足元の業績面では、OracleのFY26第1四半期でRPO(残存履行義務)は前年同期比+359%の4550億ドルに拡大。サフラ・キャッツCEOはアナリスト説明で「3社と4件の複数年・数十億ドル規模の契約」を締結したと述べ、AI関連の受注がOCIの成長ドライバーになっている構図を示しました。
この超大型契約は、OpenAIが進めるAIデータセンター構想「Stargate」の一環でもあります。2025年7月、OpenAIはOracleと米国内で4.5GWの追加能力を開発すると発表。StargateはソフトバンクとOpenAIがリードし、4年間で5000億ドルの投資を掲げます。日本語の公式ページや国内報道でも同趣旨が確認されています。

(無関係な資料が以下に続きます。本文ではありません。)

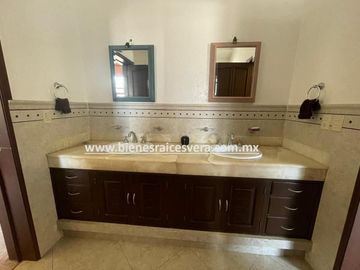 CASA EN VENTA EN EL JAZMIN, SN JUAN DEL RIO, QRO. Fanny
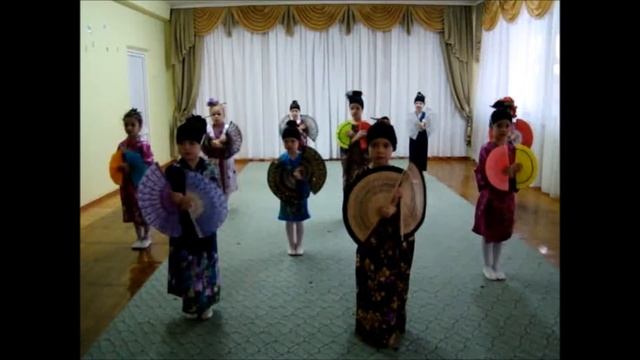 Танец с веерами смотреть онлайн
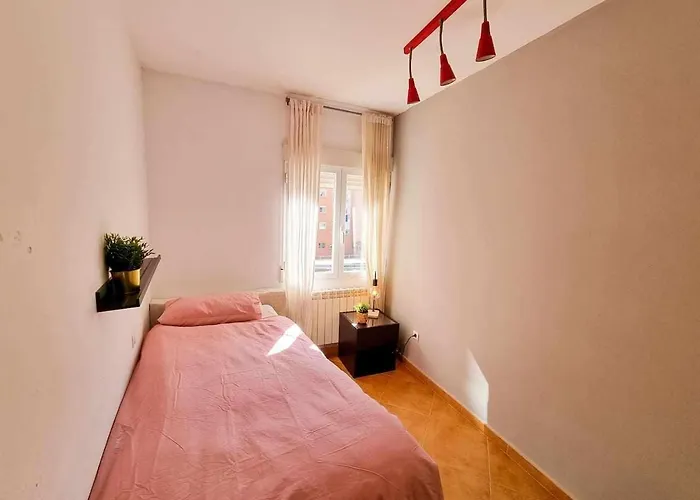 Step To El Pilar Comotucasa * Zaragoza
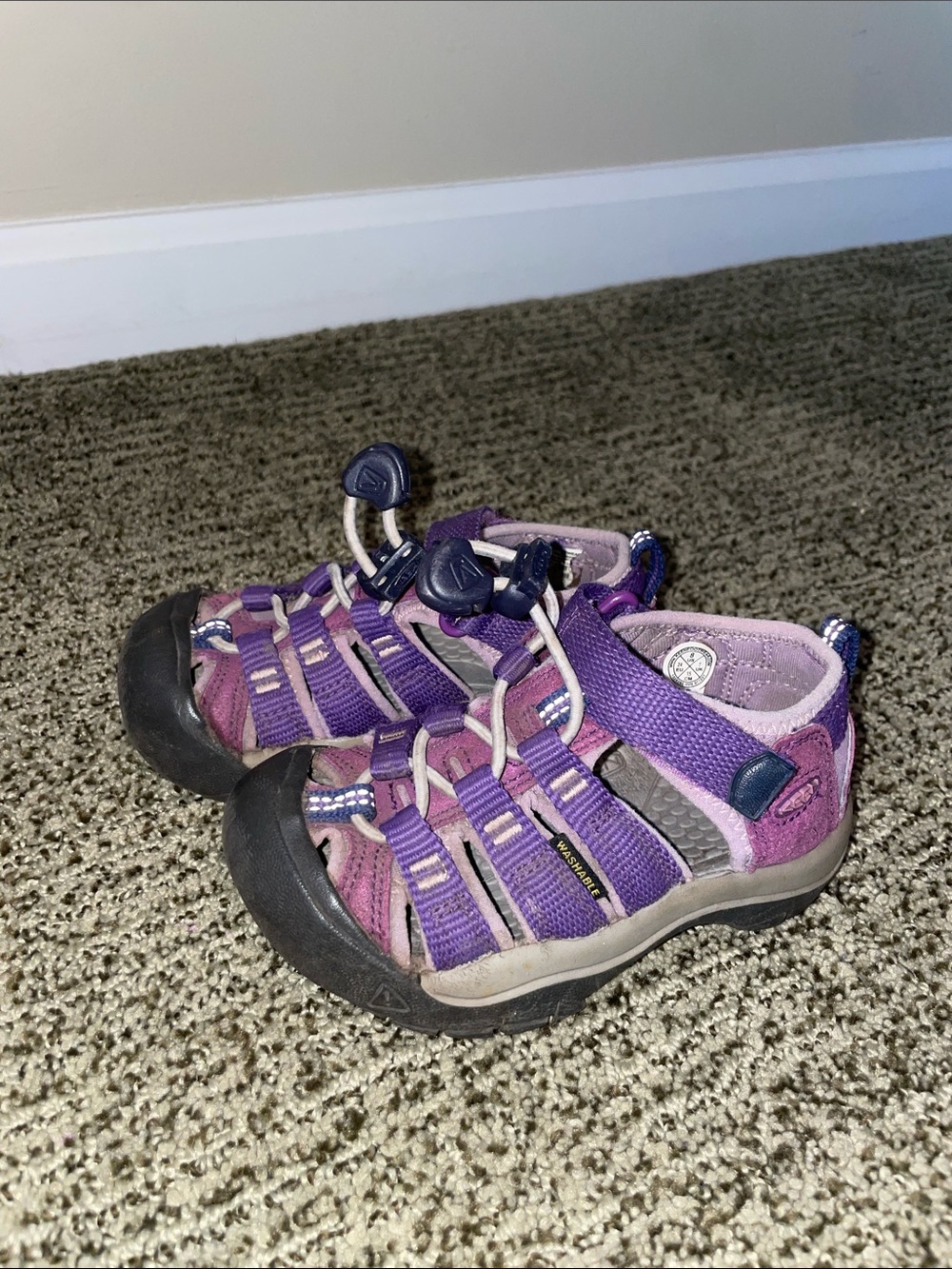 Keen Kids Purple Shoes Size 8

設備の立地については、OracleがCrusoeらと組み、ワイオミング州など複数州での建設が進む見込みと報じられます。CrusoeはワイオミングのAIデータセンター計画を公表しており、テキサス州アビリーン拠点の拡張可能性も指摘されています。加えて、ワイオミング、ペンシルベニア、テキサス、ミシガン、ニューメキシコなどでの計画が伝えられています(報道ベース)。

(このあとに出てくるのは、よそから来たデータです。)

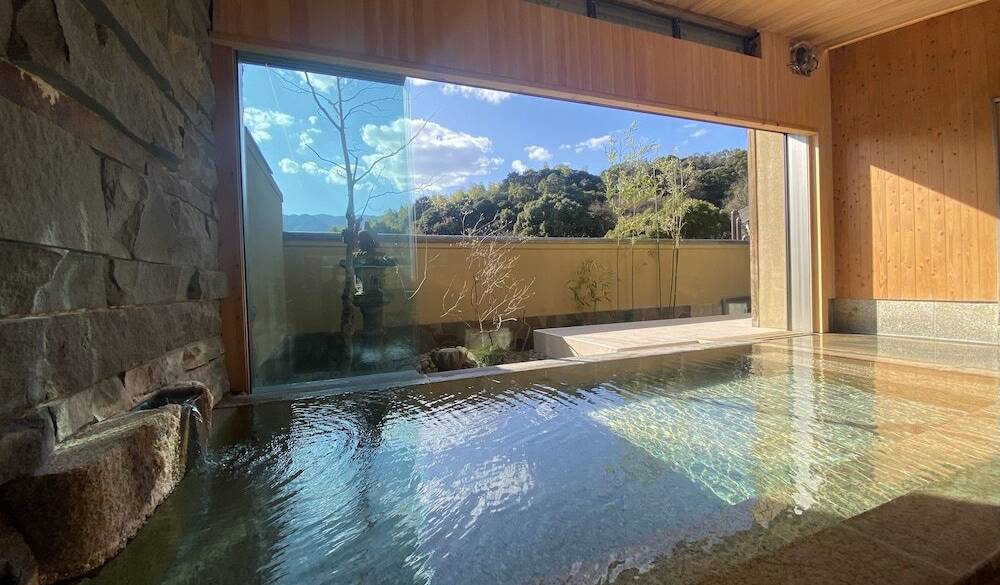 大浴場の露天風呂「草枕の湯」 / 1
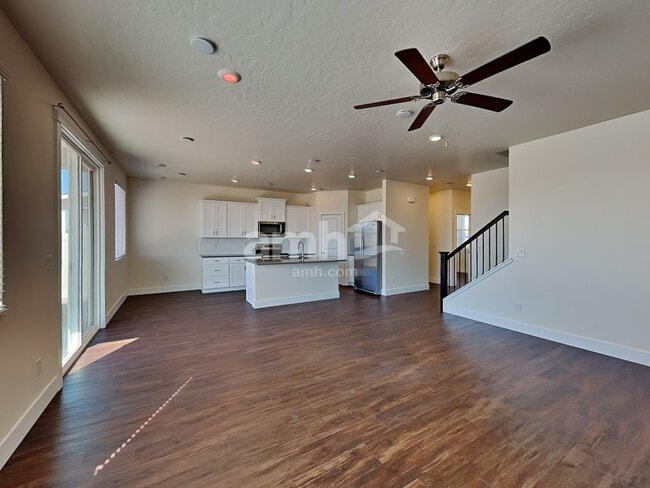 Photo - 1389 E Ludlow Dr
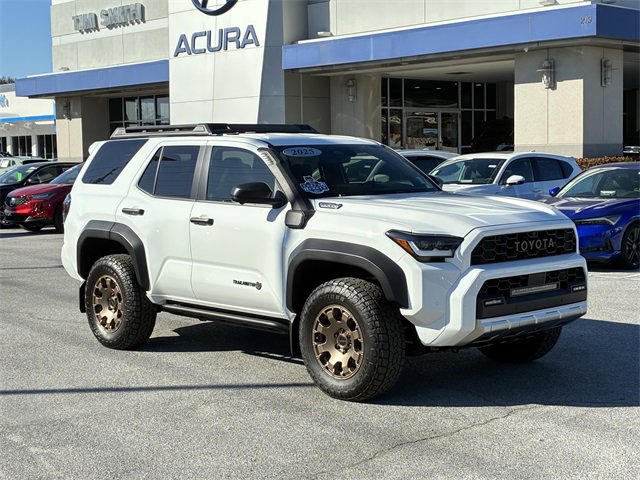 Used 2025 Toyota 4Runner Trailhunter image 2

もっとも、このディールは双方にとって大きな賭けです。OpenAIは2025年6月時点でARR約100億ドルと伝えられる一方、WSJは「2029年まで赤字見通し」と報道。Oracle側もAIチップや発電設備を含む巨額投資を前倒しする必要があり、S&Pのデータを引用する形で、同社のデット・トゥ・エクイティ比率がMicrosoftの約33%に対し約427%と高水準である点が指摘されています。
マクロでは、モルガン・スタンレーが2028年までにデータセンター設備・ハードウェアへの累計支出が約3兆ドルに達するとの見通しを示しており、今回の契約はその巨大な資本循環の象徴とも言えます。AIの計算需要は拡大を続ける一方で、電力・資金・人材という3つの制約が各社の成長速度を決める局面に入りました。OpenAIはMicrosoft独占体制からの“緩やかな脱却”を進め、Oracleはマルチクラウド連携とAI特化投資で一気に存在感を高める──この力学が、次の数年のAIインフラ地図を塗り替えていきそうです。
今回のエピソードは以上で終了です。また次回お会いしましょう。